Attack of the Puffer Fish
A WHO environmental specialist who spoke to the Post on condition of anonymity
said preliminary analysis of the fish flesh at WHO labs in Japan suggested a far
less sinister source of the poisoning.
"The fish samples being analyzed appear to belong to a species of naturally
toxic "puffer fish", similar to the famous fugu fish eaten in Japan,"
the source explained.
An independent American-based toxicologist consulted by the Post expressed skepticism
at the WHO findings, pointing out that Srey Snom residents had never before reported
poisonings connected to an indigenous fish species.

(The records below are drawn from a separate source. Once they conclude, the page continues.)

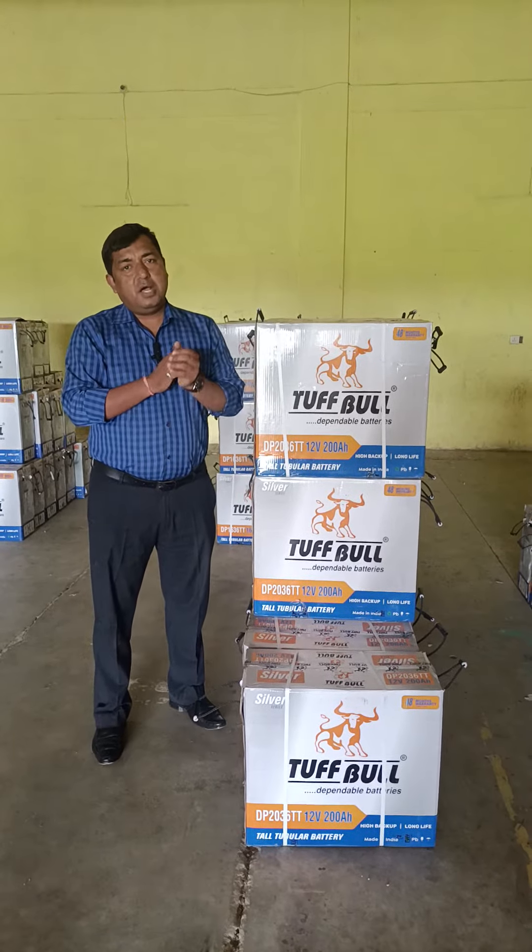So, for dealers or distributors, if these batteries are required, please comment on this video so that these batteries can be easily available all across India. This video's main motive is for you to know this new product. Thank you very much.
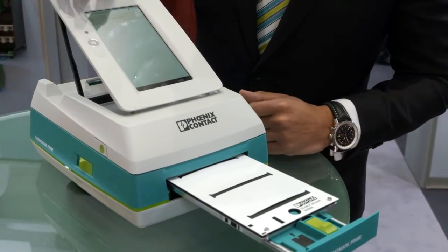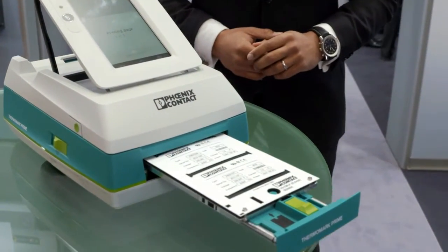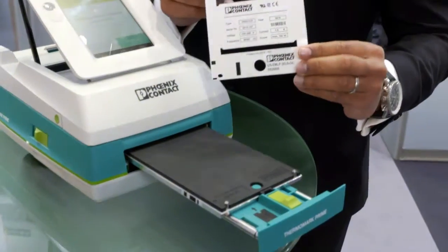But you can also take this great device into the field and work directly at the application. That means that in case you need to really remark something or use label identification products, you can do that in the field. And that's the great advantage this product offers you as a customer.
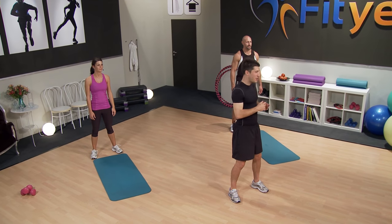That's the end of our Turbo Tabata workout. You guys did great — we did great here as well with Michelle and Pat. See you next time.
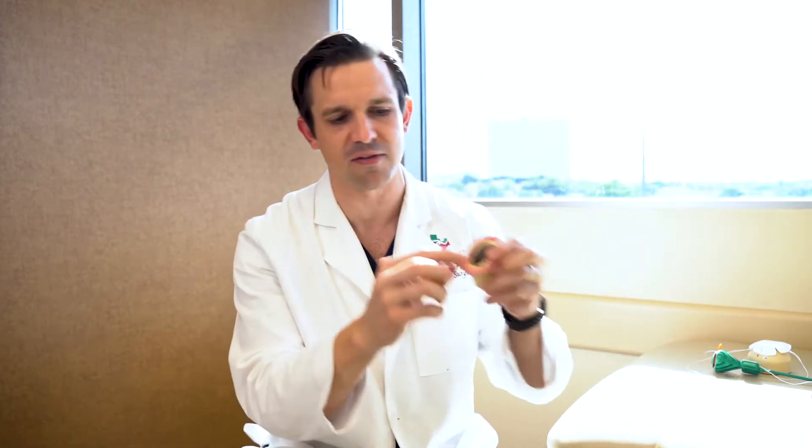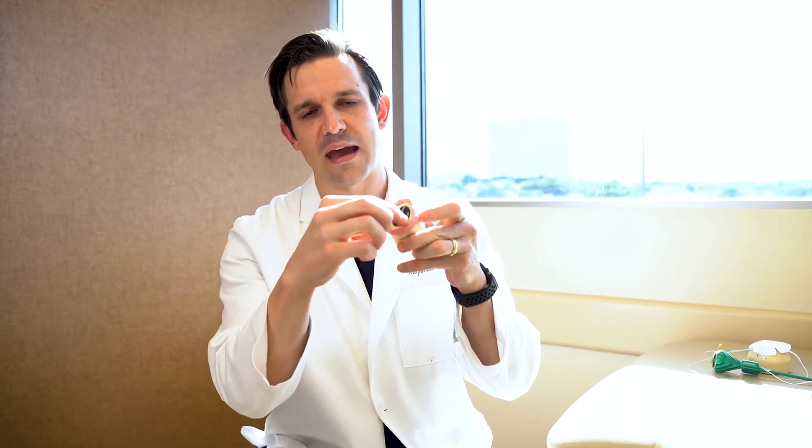As a sports medicine doctor, I see a lot of people for hip pain, especially our young active population. The most common cause of that is something called a labral tear. The hip is a ball and socket joint, and sitting on the edge of that socket is a little bumper called the labrum — kind of a gasket that sits around the edge of the socket — and that can get torn in a large percentage of people.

"Why would an epidemic of poisonings happen very suddenly and with no history
of periodic poisoning?" the toxicologist told the Post by email. "I think
that traditional oral history in the villages would be pretty accurate as to when
or whether these fish may become naturally toxic."
Not necessarily, say Touch Seang Tana, a consultant at the Ministry of Fisheries
in Phnom Penh.
Tana notes that a similar case of fish-related poison deaths was documented by French
Protectorate authorities in 1958 in Stung Treng.
According to Tana, French authorities determined that two sub-species of dtrei Kampot,
the highly toxic tidal puffer fish and the spotted green puffer fish migrated downstream
from their normal upper river environment due to serious flooding.
CARERE's Sokun says the collapse of an Anlong Veng dike on May 23 might have caused
a toxic species of dtrei Kampot indigenous to the Anlong Veng district to migrate
downstream to the Srey Snom district.
Tana has no easy answers as to why other species of fish and the Stung Sreng river
itself have allegedly begun to show evidence of toxicity.
"I want to investigate and take blood samples ... and find out what really is
going on there [in Srey Snom]," Tana said. "But I have no money for this
kind of investigation, so all I can do is make assumptions."